Earlier this week I got an e-mail from a friend. Here’s the gist of the e-mail (names have been excluded to protect the innocent LOL)
I have a command line tool installed through homebrew on my laptop running high sierra. The command is just ccextractor <filepath> and it runs fine in a standard bash terminal. I was hoping to use automator to be able to run it on batches of files, but i'm struggling with the syntax for the Run Shell Script command. It just keeps saying ccextractor command not found. Also the command line tool can only do one file at a time so I guess I need some way to loop the request so it does the first file, then runs the command again on the second file etc?
My friend is a fellow movie geek who wants to run CCExtractor on a batch of movie files.
CCExtractor https://www.ccextractor.org/ is an application used to extract closed captions from video files.
The problem was my friend could not figure out how to use Automator (a Mac tool) to run this command on a directory of files. An attempt was made to use bash as well with no luck. Hence the e-mail.
I replied back that I could probably whip something up in Python if that would work. “Are you sure that’s not too much work?” my friend replied. “Nah it should be pretty simple to whip up.”, I replied.
Here’s the gist what I did.
- Traveled to the https://www.ccextractor.org/ site and downloaded the binaries and some 3.x GB sample files to my drive.
- Then I opened my trusty text editor (https://www.sublimetext.com/) is my editor of choice and started a new .py (python) prorgam.

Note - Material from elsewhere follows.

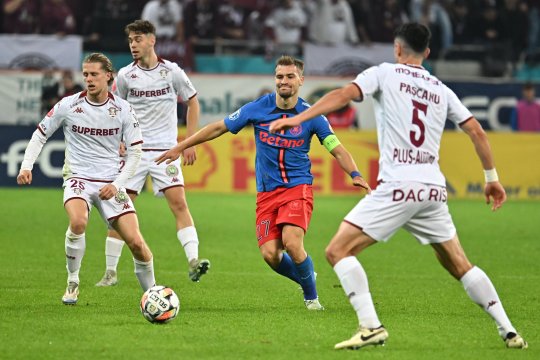 FCSB, Rapid și Oțelul au fost sancționate de Comisia de Disciplină a FRF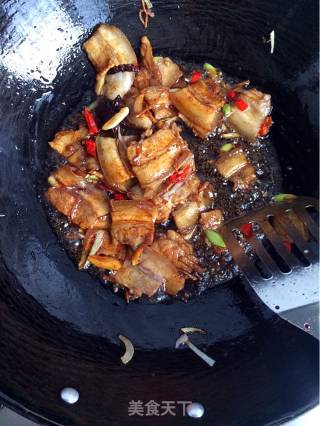 Stir-fried Pork with Chinese Cabbage Vermicelli recipe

- After a bit of google-fu I came up with this set of code:
import os
import subprocess
directory_to_import = 'D:/Data/clients/RodPaddock/CCExtractor/'
extractor_exe_path = 'D:/Data/clients/RodPaddock/CCExtractor/ccextractorwin'
for file in os.listdir(directory_to_import):
if file.endswith(".mpg"):
print(os.path.join(directory_to_import, file))
subprocess.run([extractor_exe_path, os.path.join(directory_to_import, file)])
This code was built, debugged and run on my Windows development box. The goal was to get it working as fast as possible on my main development box before moving it onto a Mac.
Here’s a link a Gist of the code: https://gist.github.com/rjpaddock/d53956767dd4a1fe267dee08c995c956.js
Getting the code to run on the Mac was simple. Here’s that version:
import os
import subprocess
directory_to_import = '/Users/rodpaddock/ccextractor'
extractor_exe_path = 'ccextractor'
for file in os.listdir(directory_to_import):
if file.endswith(".mpg"):
print(os.path.join(directory_to_import, file))
subprocess.run([extractor_exe_path, os.path.join(directory_to_import, file)])
As you can see the changes were minimal at best. I changed the path to my user directory on the Mac and git rid of the specific path to the executable. I used brew to install the CCExtractor on my mac so it was in the PATH already. After installing Python version 3.x on my old Mac I was able to run the application as-is. No operating specific issues.
After getting it to work I sent it off to my fiend who simply changed the path to the files to decode and BOOM it just worked.
After marveling at how much could be accomplished with so few lines of code, I became curious to see how complex it would be to build the same application in C#. I’m using .NET Core to do this, as I want to run it cross platform as well.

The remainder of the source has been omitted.